Ms Northover said the change could be “a silver lining” for the pandemic for dogs nationwide.
“We have seen questions this year about dogs allowed on public transport, motels and cafes,” she said.
“It’s actually a good side effect of [COVID-19] that people pay more attention to their dogs and are more interested in those little animals that they share their lives with.
An equal member of the family
Sam Finch of Yeppoon attends training with her dog, Bronson, who she said was “another member of the family.”
“I wanted to have a smart dog that we could do things with and also be a good pet, which he was,” she said.
“We hope to take her on a family vacation.
“We took him [a cafe] for breakfast one morning I took him for a walk along the beach… he was pretty good. “
What are the rules?
Queensland laws allow food companies to choose whether they want to allow dogs in outdoor dining rooms only – different rules apply for service animals.
Pet owners should respect the safety and comfort of others, maintain control of the dog, refrain from touching the dog while eating, clean up after the animal, and be aware of local laws and the Management Act animals.
In South East Queensland, service animals are allowed on board TransLink buses, trains, trams and ferries with a pass.
Pet dogs are allowed on TransLink ferries all weekend and 8:30 am to 3:30 pm and 7 pm to 6 am on weekdays as long as they meet requirements. These include being on a leash, wearing a muzzle or in a closed baby carrier.
Dog trainers in high demand
Demand for dog training services has been “very high” since the start of the pandemic.
“Suddenly people stay home with these dogs and realize that they don’t really like the dog because the dog isn’t behaving the way they want,” Ms. Northover said.
“When they try to work from home and spend more time with the dog they find, ‘Oh, this dog is pulling on a leash or he barks at other dogs or when I bring him inside he wants to beg for food at the table ‘.
“They generally understand that he is not a very pleasant dog, that he has no manners, that he has no social graces.”
These were common complaints from pet owners.
“Once they realize it, they come here and say, ‘My dog jumps on me and itches and he yells at the kids and barks at my friends and he digs the garden,'” she said. declared.

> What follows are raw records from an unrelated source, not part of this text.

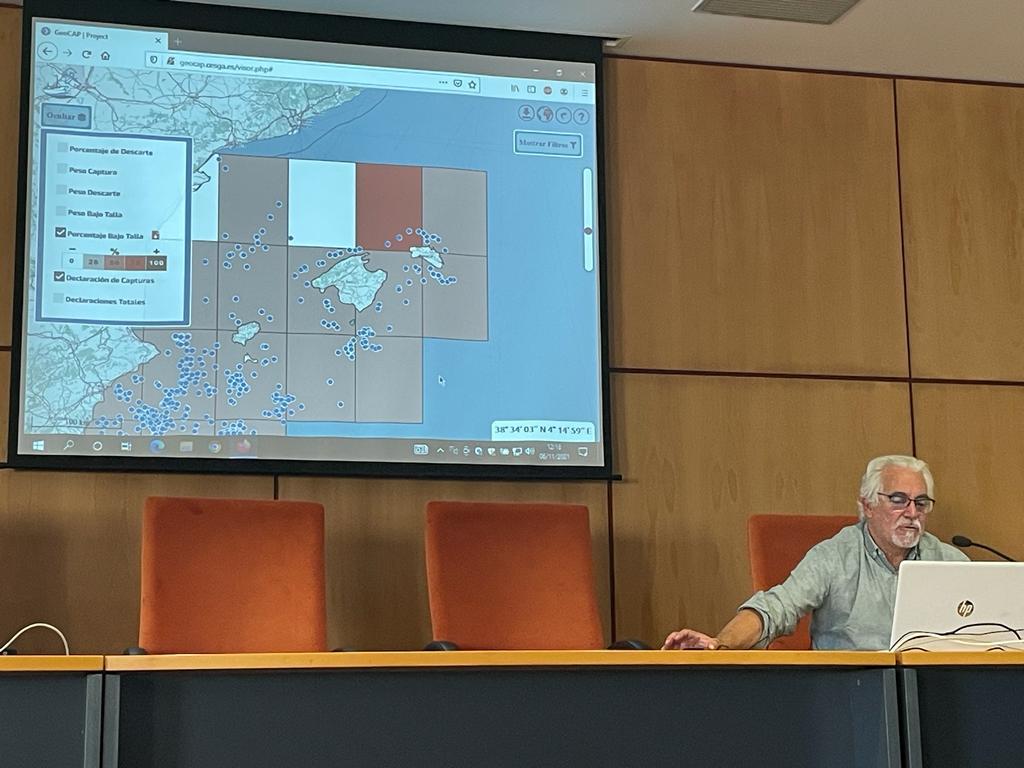 ProyectoGEOCAP's tweet image. Ricardo Pérez Martín @IIM_CSIC , responsable del @ProyectoGEOCAP, participó el pasado sábado en el taller práctico sobre gestión pesquera (Descartes y basuras marinas) organizado por la @opplugo destinado a patrones de pesca.@ecoalf #Upcycling @FBiodiversidad #ProgramaPleamar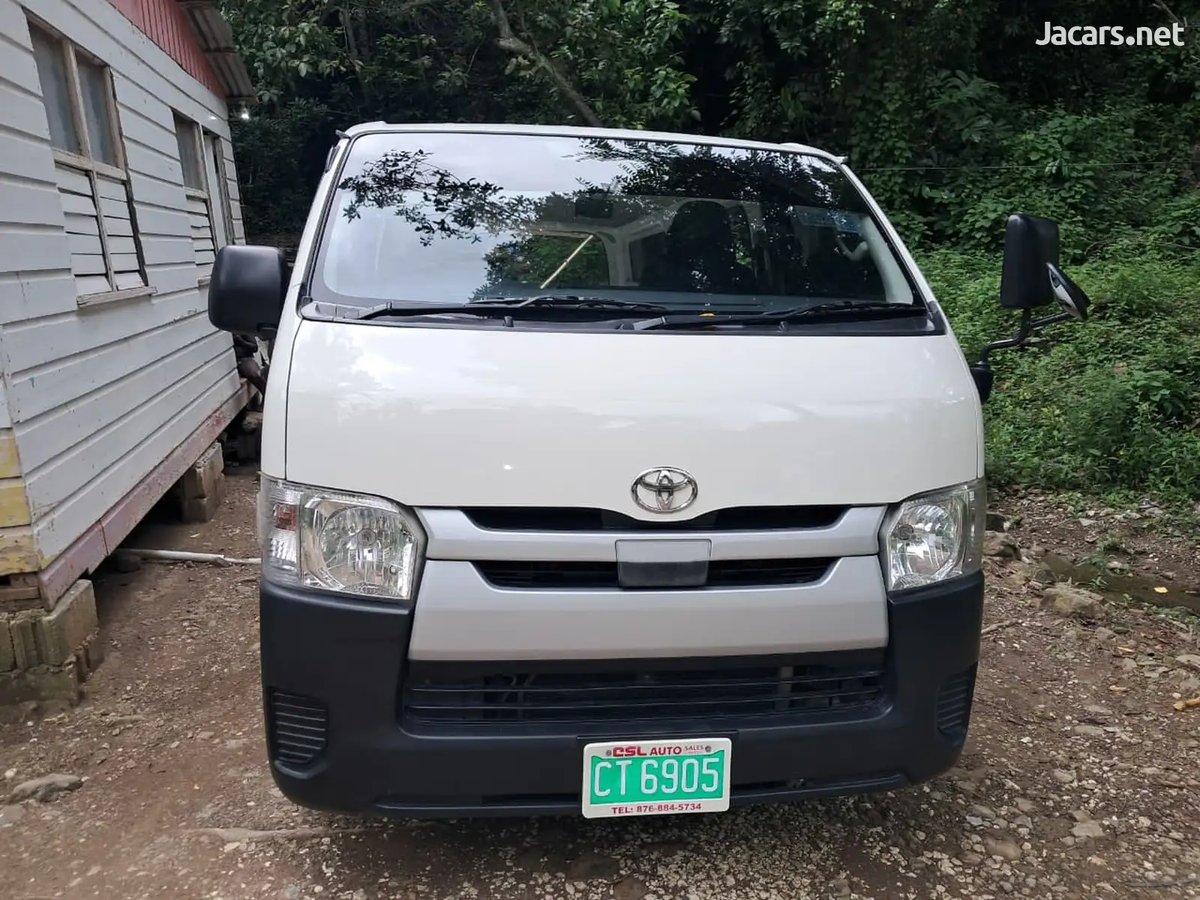 2019 TOYOTA Hiace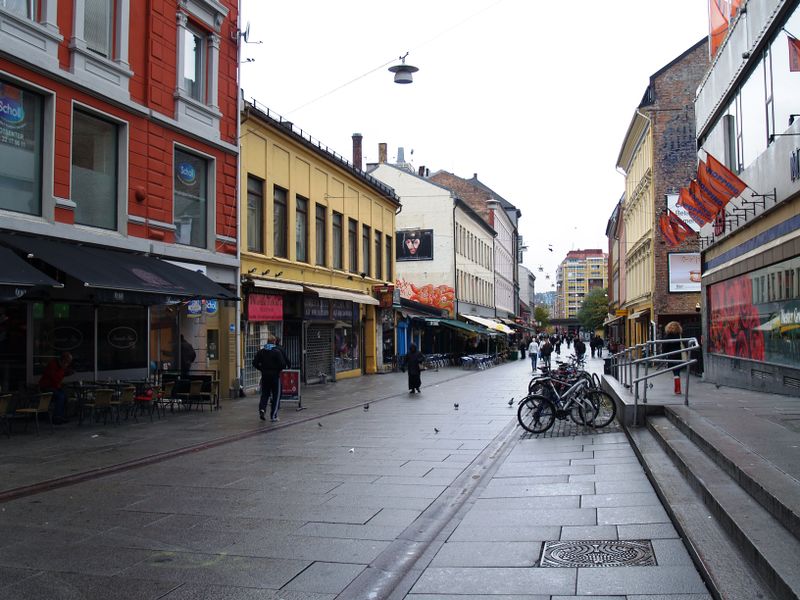 Fil:Brugata sett fra Storgata.jpg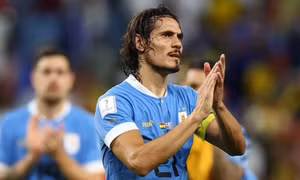Edinson Cavani thông báo chia tay ĐTQG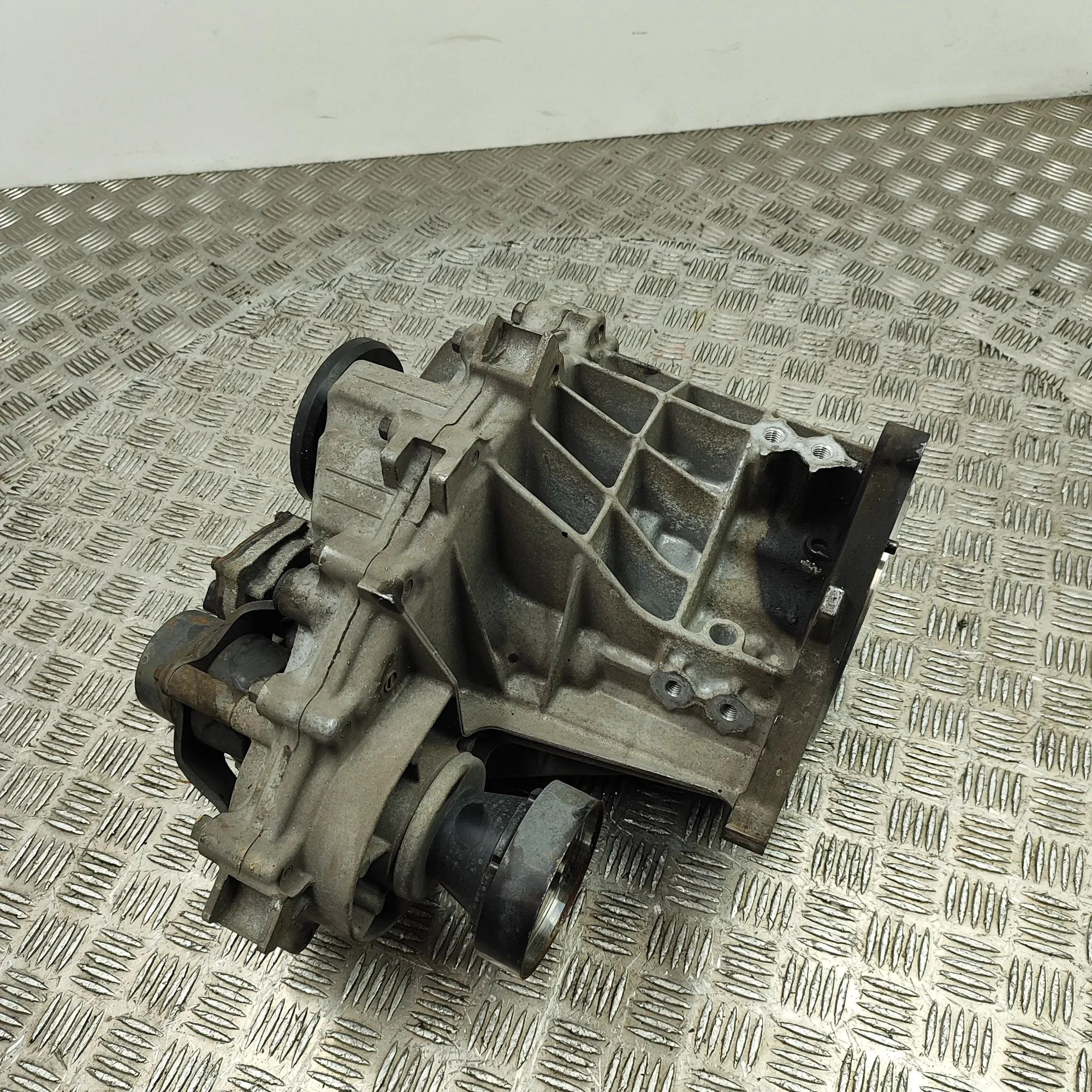 Ford Ranger Transfer box AB39-7A195-BD Transfer Box FORD RANGER (TKE) (2...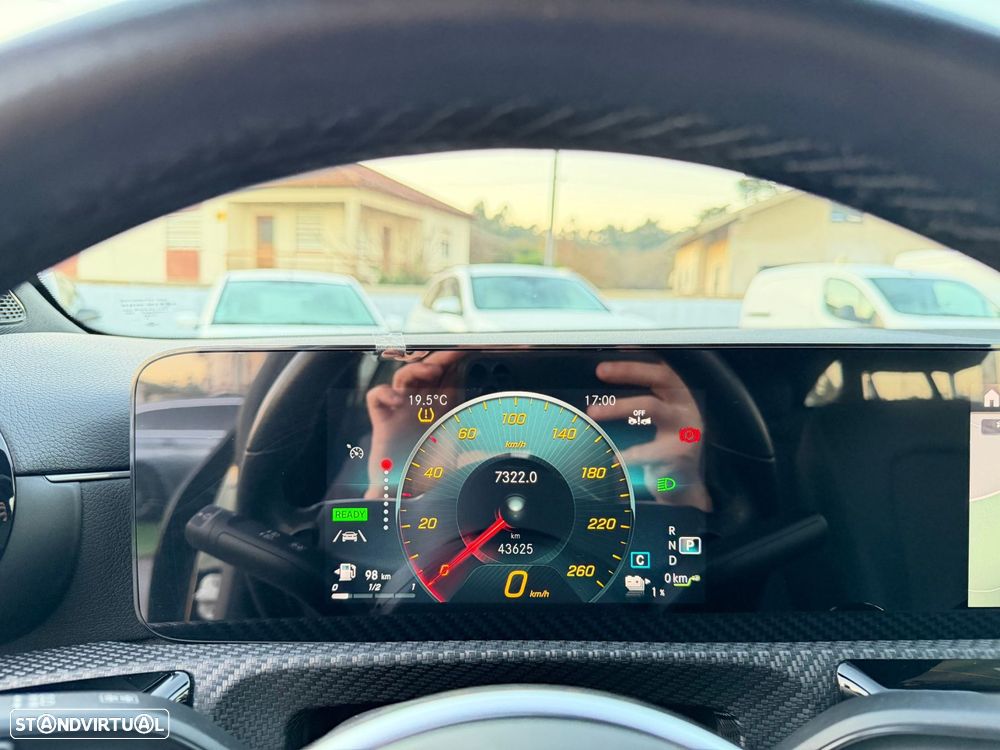 Mercedes-Benz CLA 250 e Shooting Brake Style Plus - 22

“They’ve had the dog for a few years and they just haven’t noticed him because they weren’t home with him so it’s good to be able to change that for them.”

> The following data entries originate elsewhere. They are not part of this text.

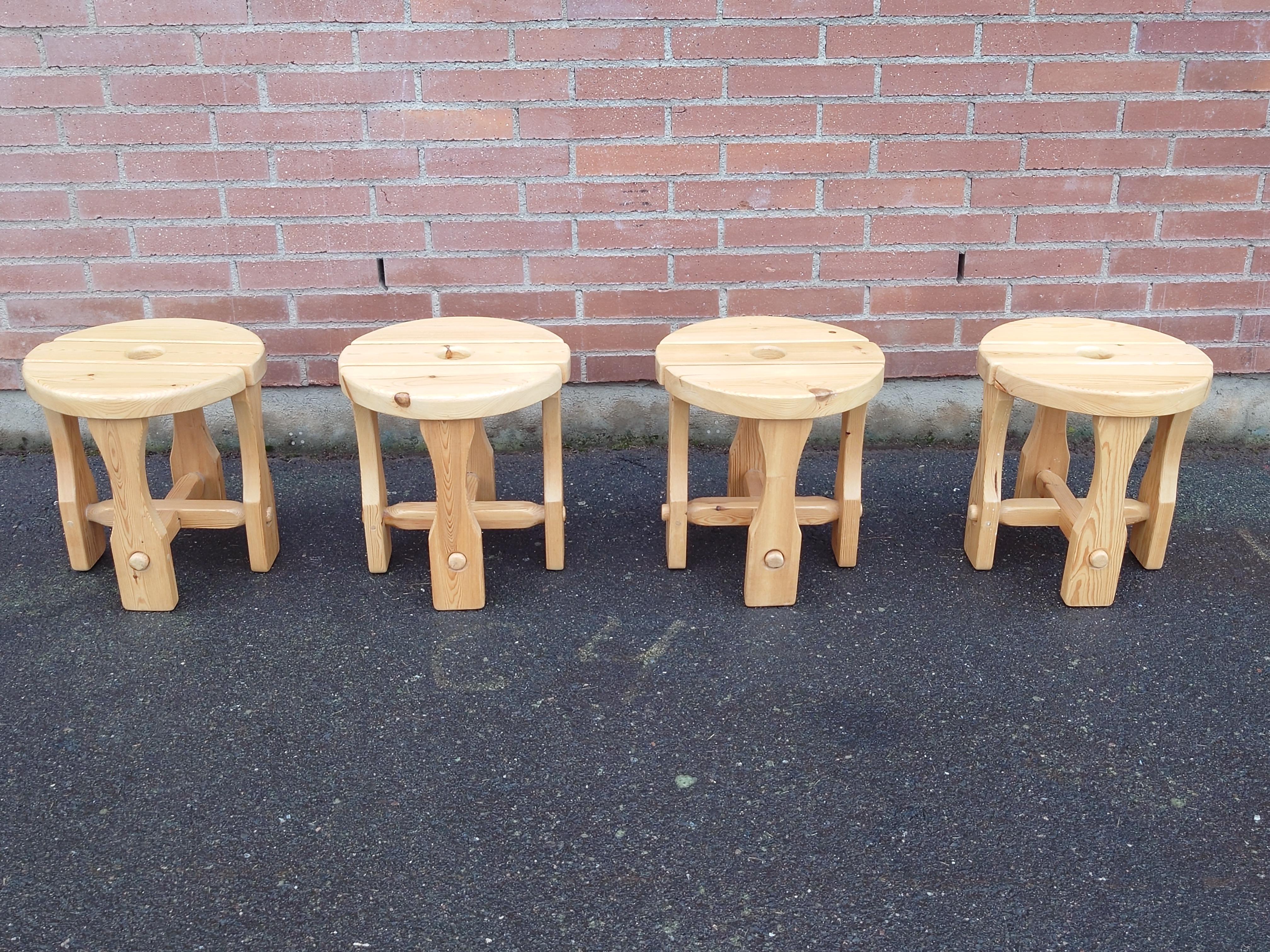 Fin du 20e siècle Quatre tabourets suédois en pin massif des années 1970 Mid-Century Modern Design en vente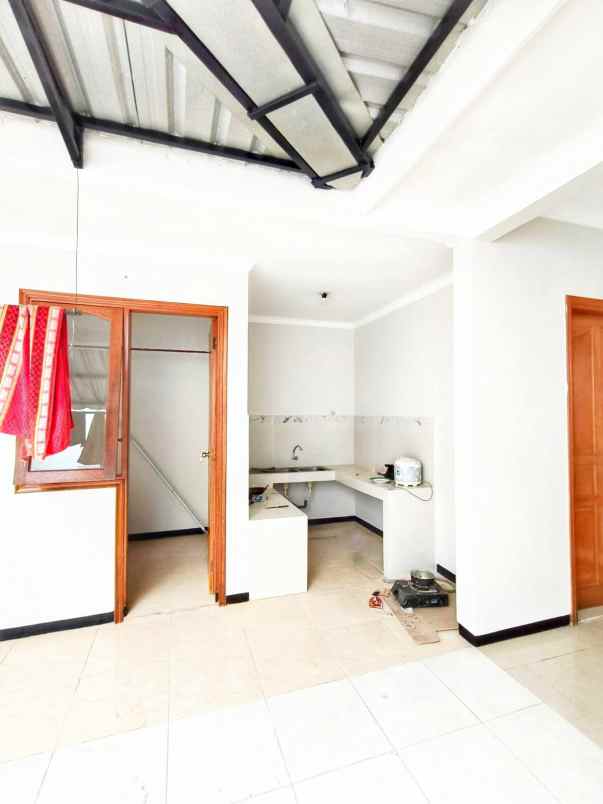 dijual rumah dukuh kupang timur sawahan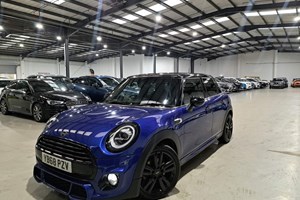 MINI Hatchback (14-24) Cooper Sport Steptronic with double clutch auto 5d For Sale - Wembley Prestige Cars, Watford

Ms. Finch encouraged other dog owners to train their pets.
“I think it’s great because you don’t just make them leave them at home,” she said.
“He comes everywhere with me… to the beach, for lunch if we can, and he comes to mum, dad and grandma.”
Owning a responsible dog
Ms Northover said the science behind dog behavior had progressed “by leaps and bounds”.
“When I started it was really ‘We have to be the boss and we have to force the dogs to do that and push their butt down and shake their heads and pull them on a leash'”, a- she declared.
“Now we’re using a lot more science to make dogs want to behave the way we want them to because it’s rewarding for them and because they want to do what we ask them to do.
“My big catching cry is still the dog’s responsibility.
“Take care of your dog. Learn what your dog does. Teach him a good reminder and have fun with him… please train your dog to live with you in your family and be a responsible part of it. your family.”